Talvez até o encaminhamento do inquérito à justiça, algumas perguntas, dúvidas e questões ainda venham a ser esclarecidas.

Afinal, o bar onde ocorreu a chacina era ou não ponto de venda de drogas? O oficial superior responsável pelo policiamento da área, o tenente-coronel Jorge Wilson de Araújo, afirmou que é. Seu superior, o comandante da PM, coronel Dilson Melo Júnior, o desmentiu categoricamente, no dia seguinte à declaração. Negou até que batidas tivessem sido feitas no local, como informou Araújo (que teria sido afastado do 20º batalhão).

O objetivo dos assassinos era matar duas das cinco mulheres que estavam no bar, incluindo a sua proprietária, por envolvimento no tráfico de drogas. Mas por que eles executaram também pessoas que estavam ocasionalmente no local? Por que liquidaram todas as pessoas que estavam à vista deles?

Se a ação foi para vingar colegas mortos, por que a operação foi tão ostensiva e despreocupada? Por que se reunir numa padaria situada tão perto do bar, sem preocupação em garantir alguma privacidade? Por que atacar o bar m plena tarde de domingo? Por que arriscar a carreira, a liberdade e a sobrevivência de suas famílias por solidariedade corporativa, numa ação desastrada, que começou a ser desmontada no dia seguinte ao seu cometimento? E se foi ação de milícia, a serviço de traficante, por que arriscar tanto por tão pouco?
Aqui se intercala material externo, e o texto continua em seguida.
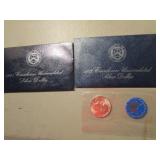 2- Ikes unc. silver dollars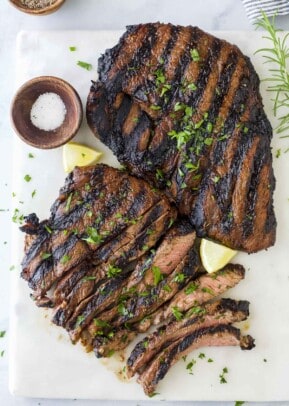 Two sirloin steaks on a cutting board with fresh herbs and a small dish of salt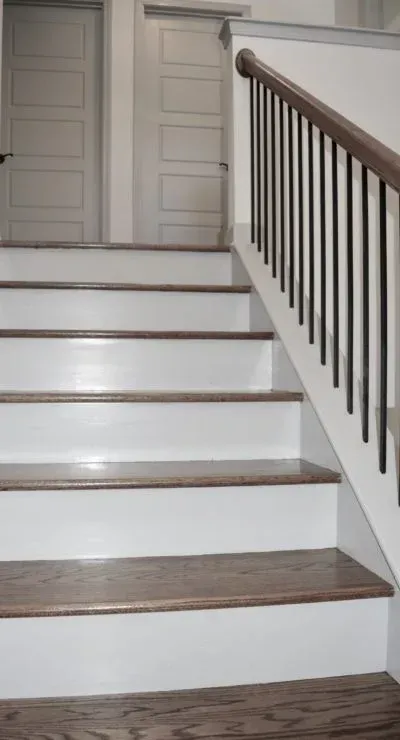 Wooden stairs with white risers and a dark railing.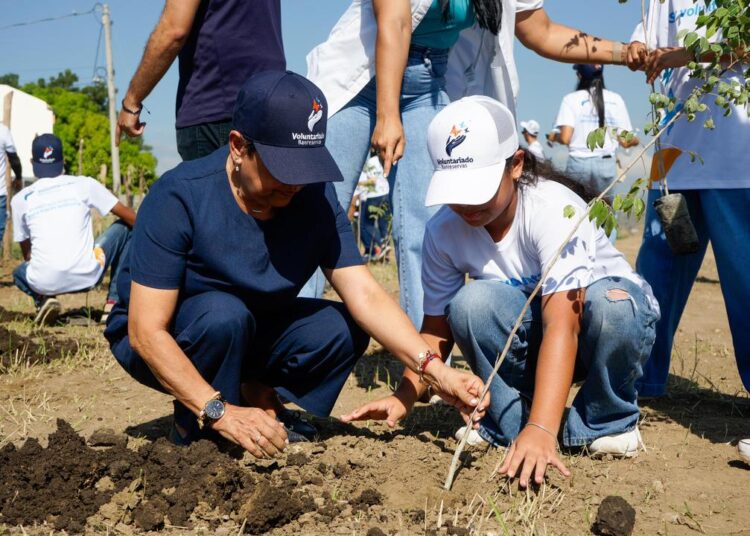 La doctora Carmen Alicia Quijano, presidente del Voluntariado Banreservas, siembra árbol junto a su nieta.
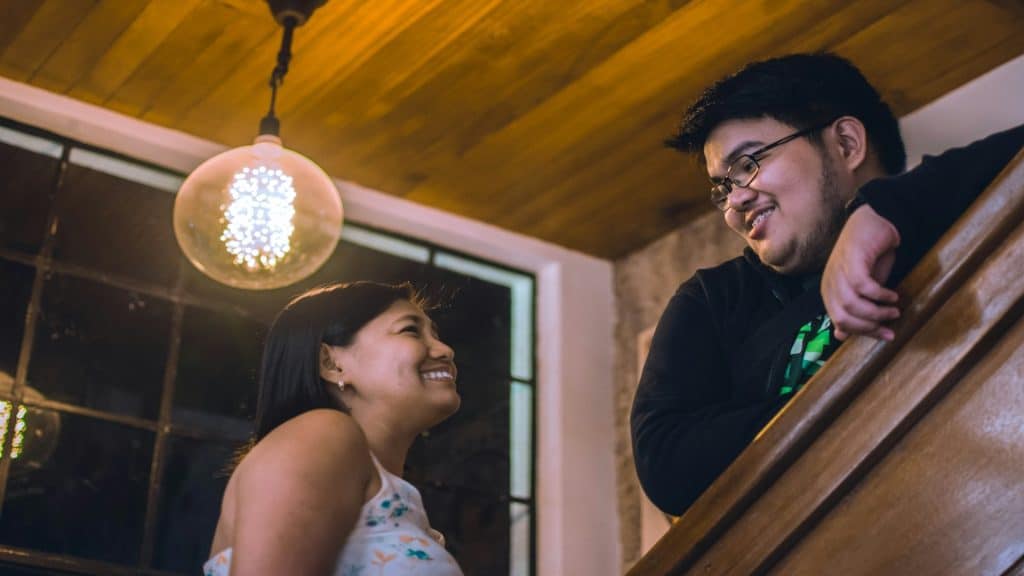 couple laughing during light conversation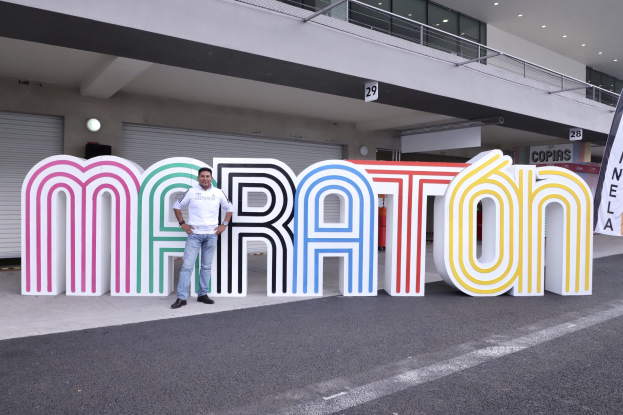 Ein Mann steht am Start eines Marathons vor einem großen "Marathon"-Schild, mit einer Fahne rechts und einem Gebäude mit Lichtern, Geländern und Fensterläden im Hintergrund.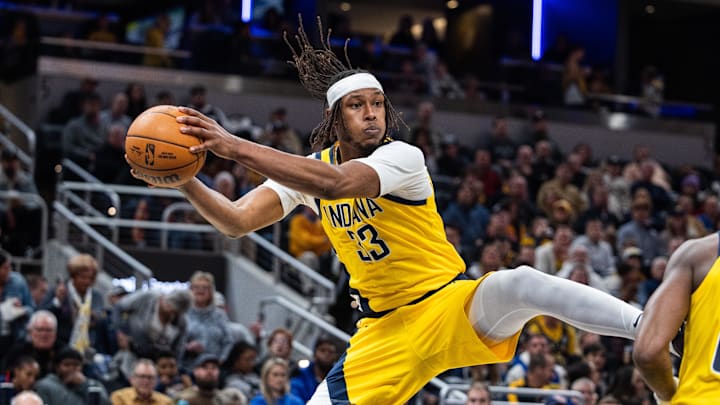 Jan 18, 2025; Indianapolis, Indiana, USA; Indiana Pacers center Myles Turner (33) rebounds the ball in the second half against the Philadelphia 76ers at Gainbridge Fieldhouse. Mandatory Credit: Trevor Ruszkowski-Imagn Images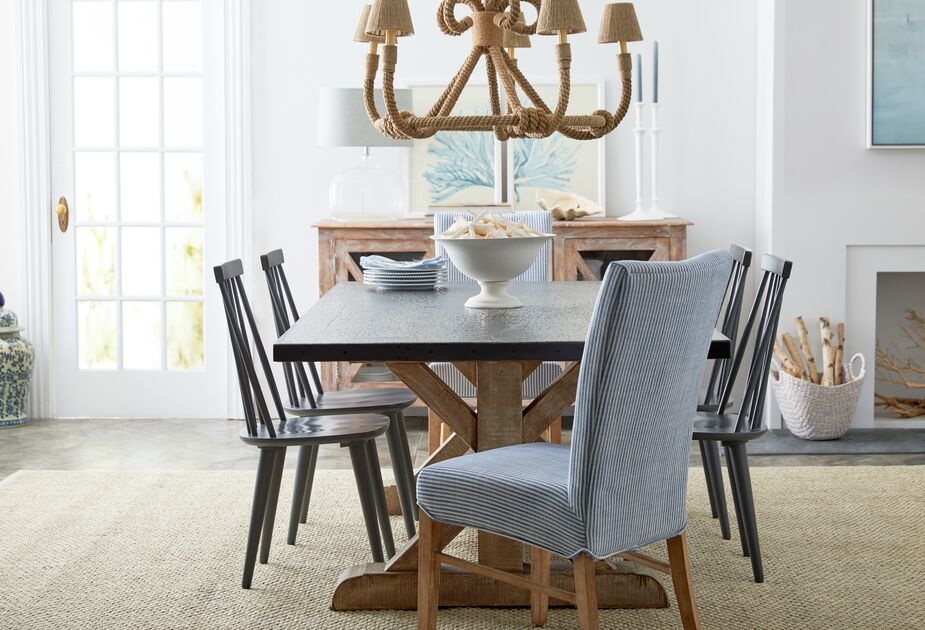 Wrapped in jute, this chandelier accentuates a coastal vibe when complementing blue-striped chairs (the Shannon side chair is similar to those above). Even without the nautical stripes, a jute lighting fixture brings organic elegance to  a space. Find the Windsor-inspired chairs here.
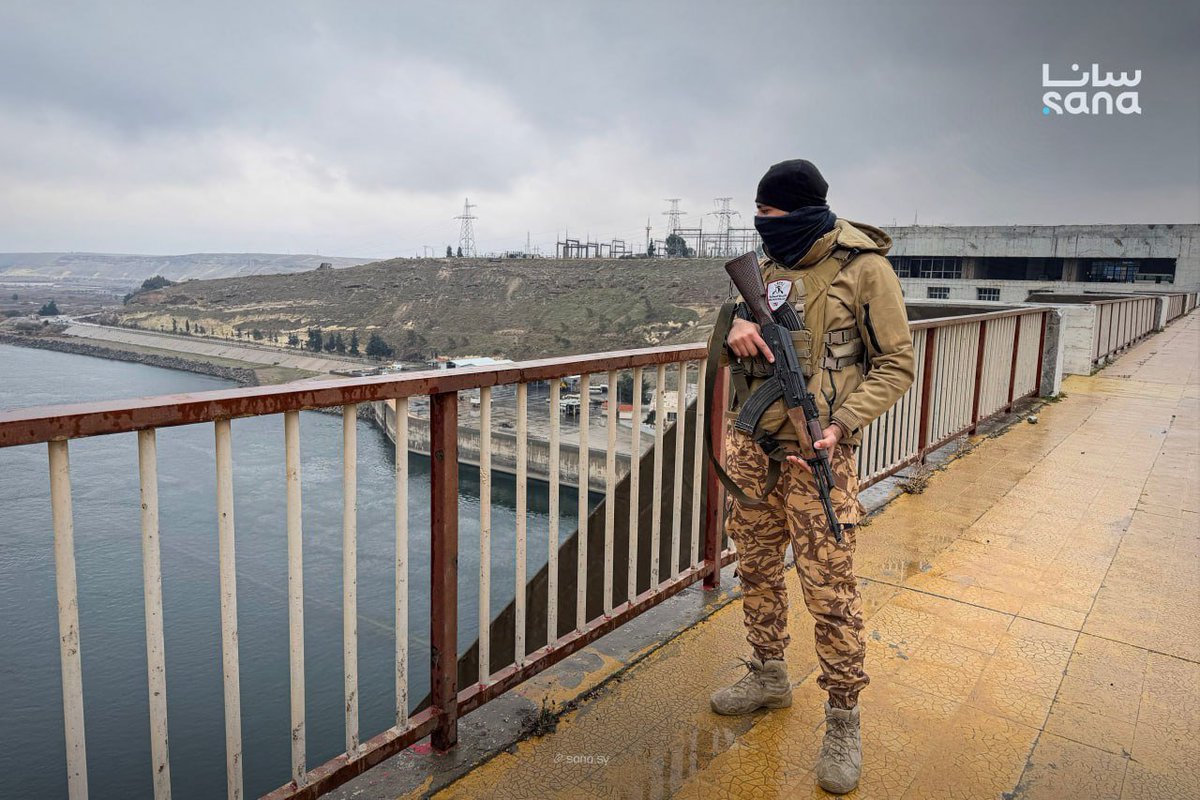 Military police deployed at the Euphrates Dam in the city of Tabqa, west of Raqqa, Syria.
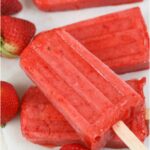 frozen strawberry popsicles on each other on white marble, fresh strawberries around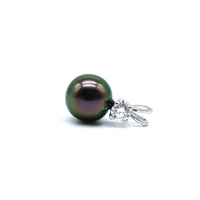 White gold with a lab grown diamond pendant featuring a black pearl on a white background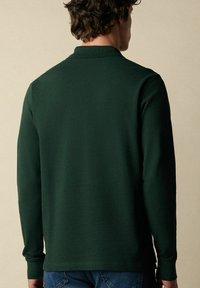 Poloko s dlouhým rukávem ve tmavě zelené barvě z bavlny. Obsahuje límec a žebrované manžety. Zadní pohled ukazuje čistý, minimalistický design.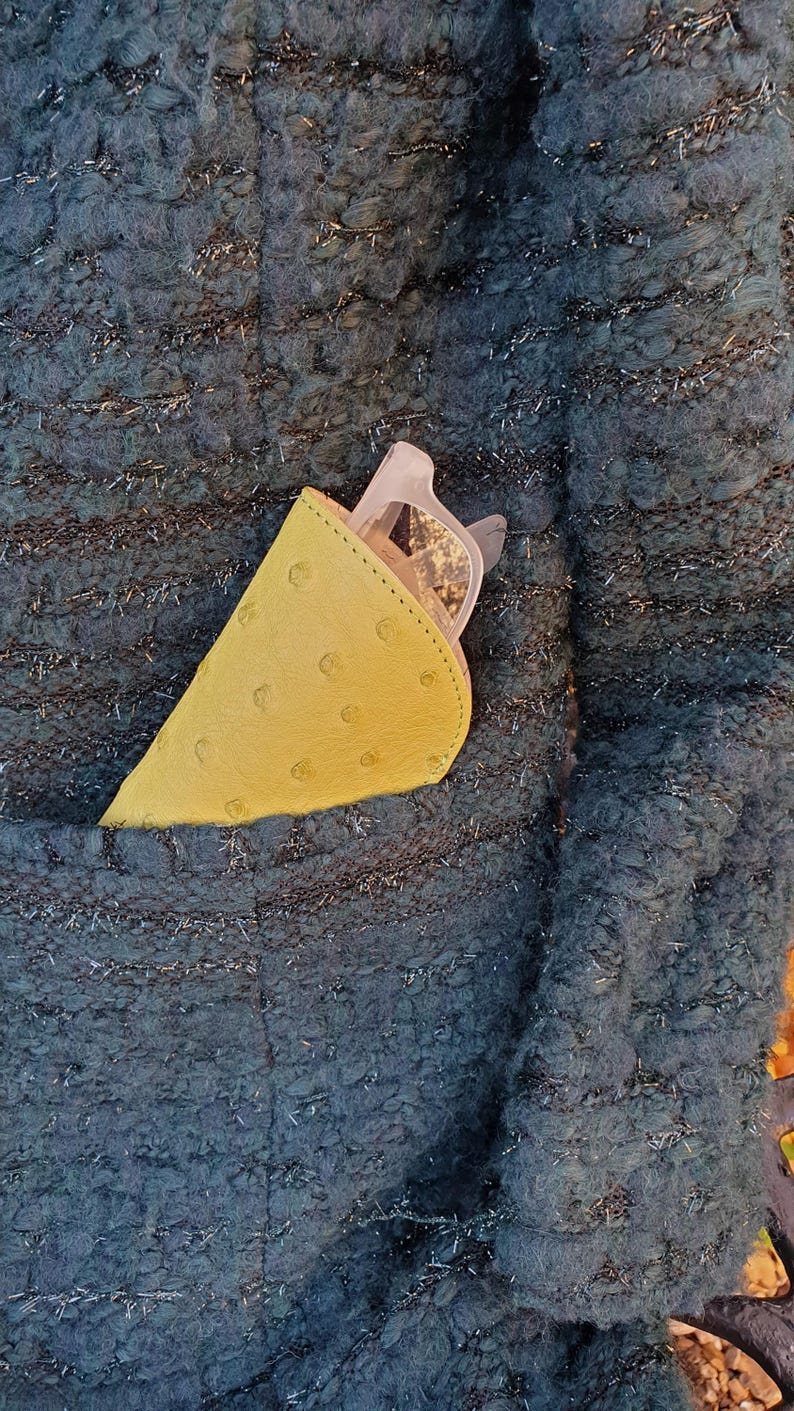 May include: A yellow, textured, semi-circular glasses case with visible stitching along the curved edge, containing a pair of light-colored eyeglasses, tucked into the pocket of a dark teal, chunky, metallic-flecked knit jacket.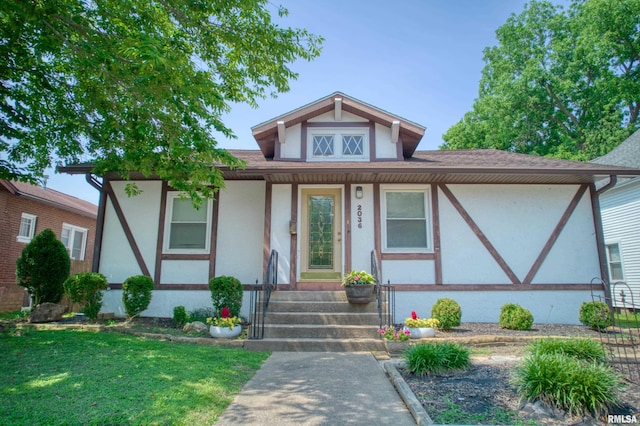 2036 Spruce St, Murphysboro, IL 62966 - view of front facade featuring stucco siding, a shingled roof, and covered porch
Ou havia uma retaguarda de apoio e suporte, ainda oculta, que não existia de fato, falhou ou traiu os milicianos, quatro deles da PM, três deles cabos da ativa?

Muitas perguntas sem resposta. Ou resposta insuficiente para levar a imprensa ao silêncio, que trai seu compromisso com a informação a ser dada ao leitor.

Discussão

2 comentários sobre “Chacina: final artificial?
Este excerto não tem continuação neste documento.